Work required — Exactly the lines from the one containing "Cosmetic Flatlay On" through the one containing "Close aerial view" in the listing below are to be copied, with the pictures left out.

Data section —

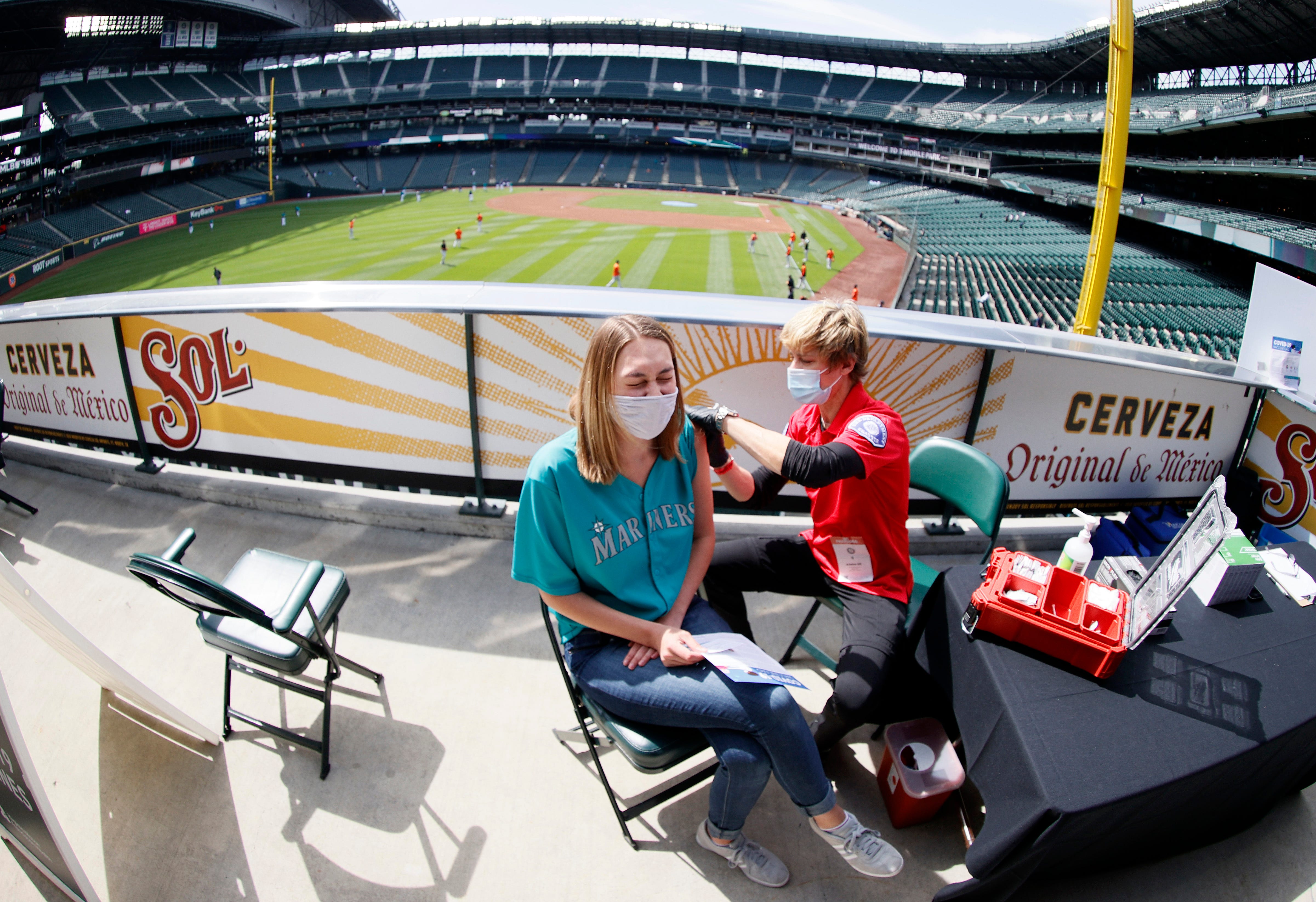 Aeryal Thomsen, left, receives her COVID-19 vaccination before a game between the Seattle Mariners and the Baltimore Orioles on May 5 at T-Mobile Park in Seattle.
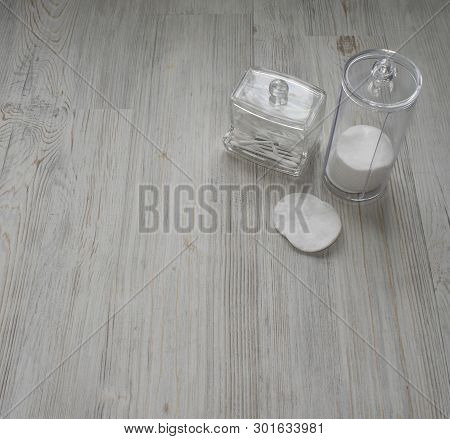 Cosmetic Flatlay On Grey Wooden Table. Beauty Set Of Plastic Containers With Q-tips And Disks. Space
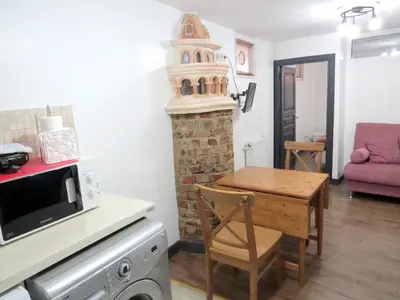 a small kitchen with a table and a microwave at Istanberry - Pera Apartments in Istanbul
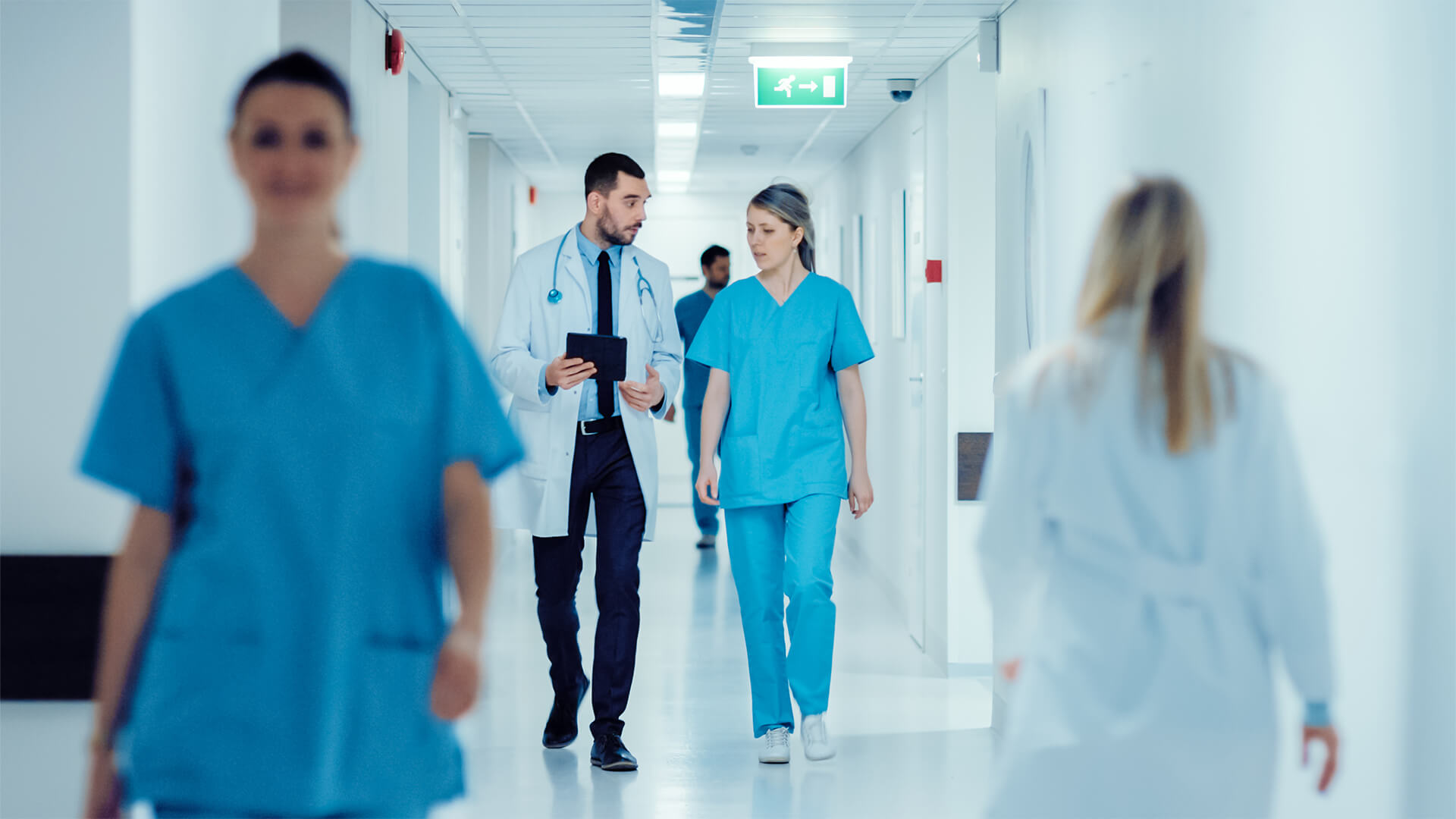 Doctor talks to nurse in hospital corridor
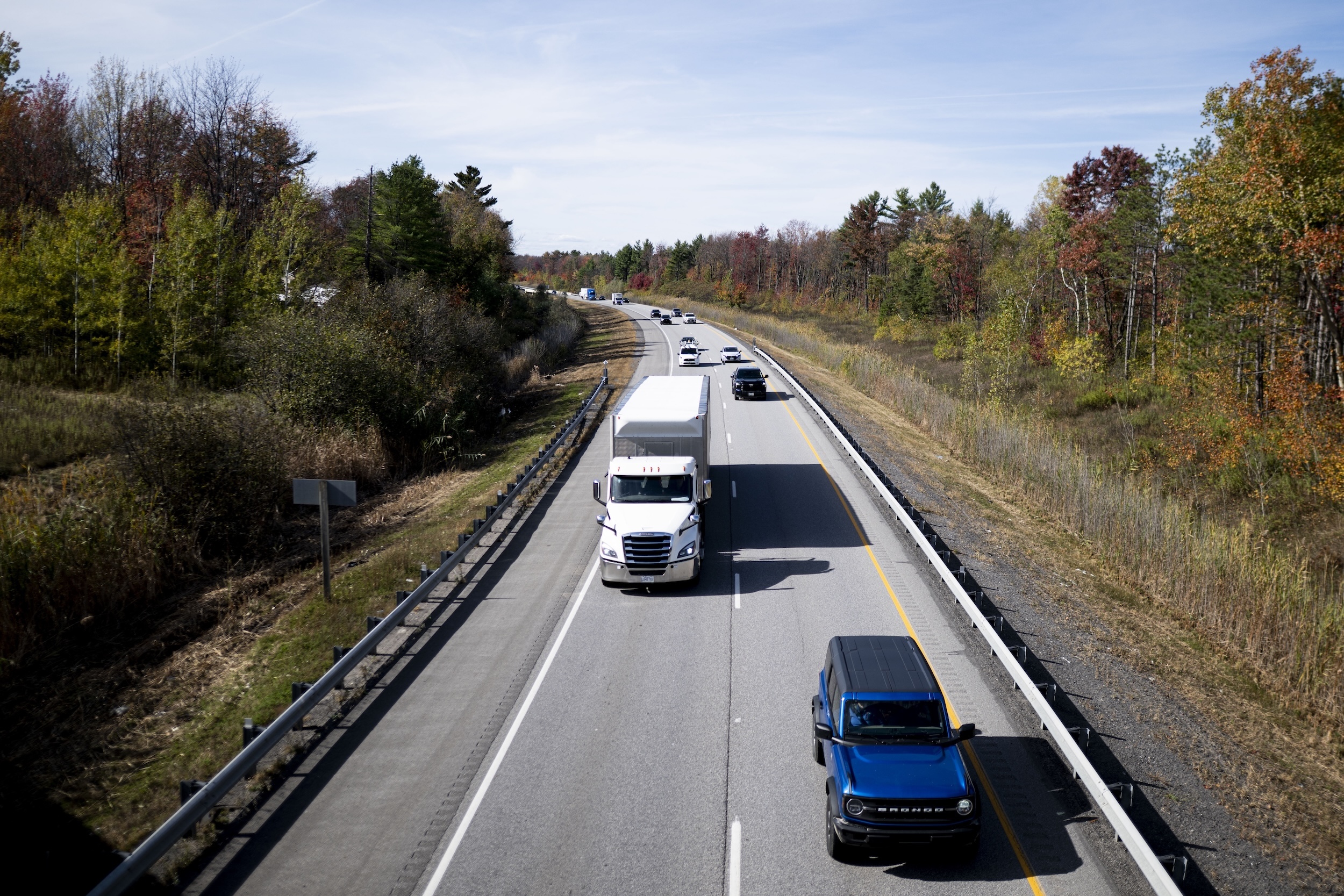 Close aerial view of several trucks barrelling down the Trans-Canada Highway, with autumn foliage on the trees on either side of the highway.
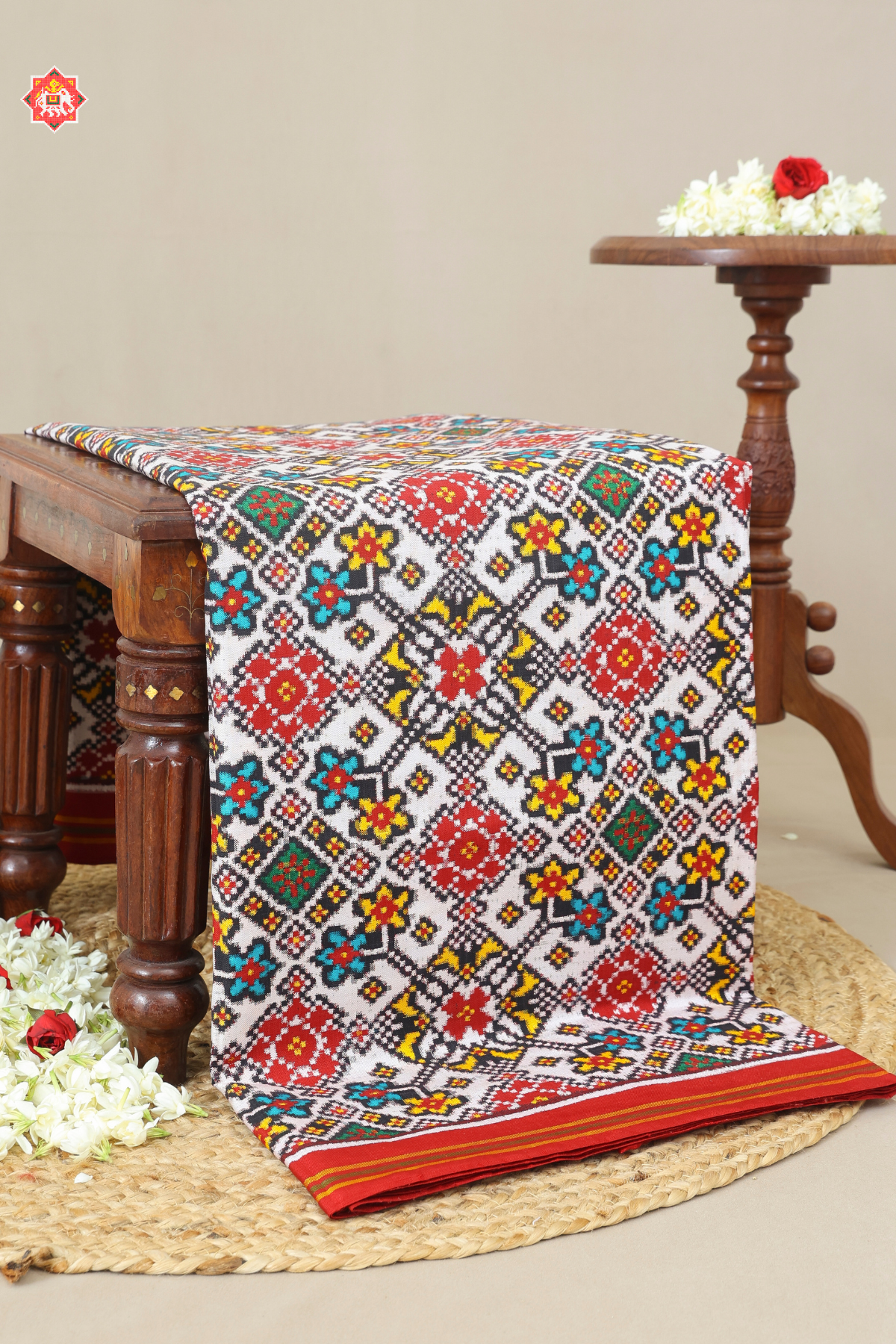 Traditional navratna design with small border pure double ikat patola saree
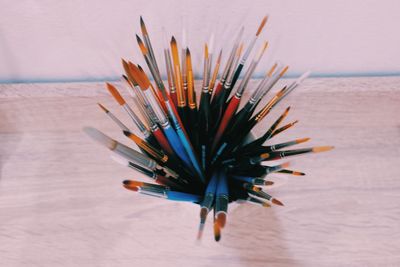 Close-up of colored pencils on table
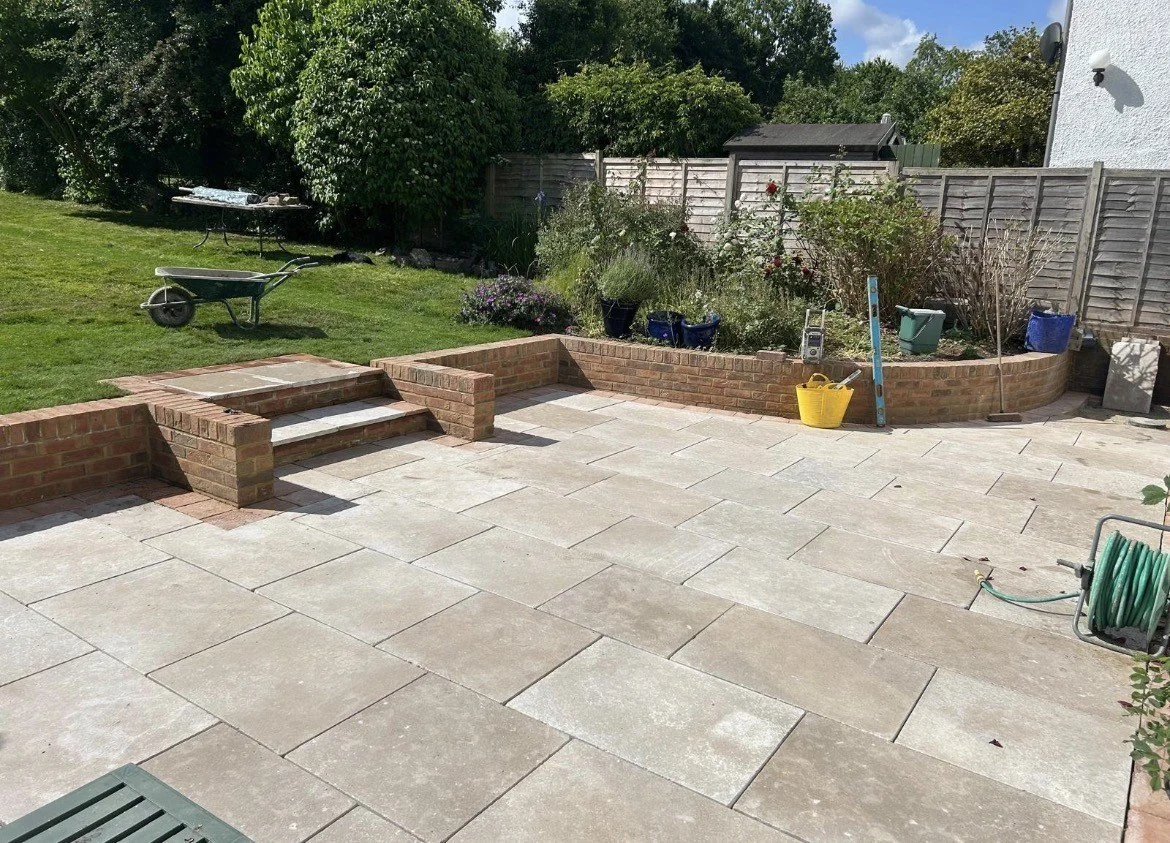 A backyard patio with newly laid paving stones, a brick raised garden bed with plants, gardening tools including a level, a yellow bucket, and a garden hose, and a grassy area with trees and shrubs in the background.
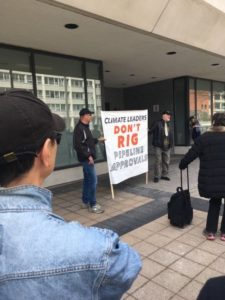 protest sign: 'Climate leaders don't rig pipelines.'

The completed task —
 Cosmetic Flatlay On Grey Wooden Table. Beauty Set Of Plastic Containers With Q-tips And Disks. Space
 a small kitchen with a table and a microwave at Istanberry - Pera Apartments in Istanbul
 Doctor talks to nurse in hospital corridor
 Close aerial view of several trucks barrelling down the Trans-Canada Highway, with autumn foliage on the trees on either side of the highway.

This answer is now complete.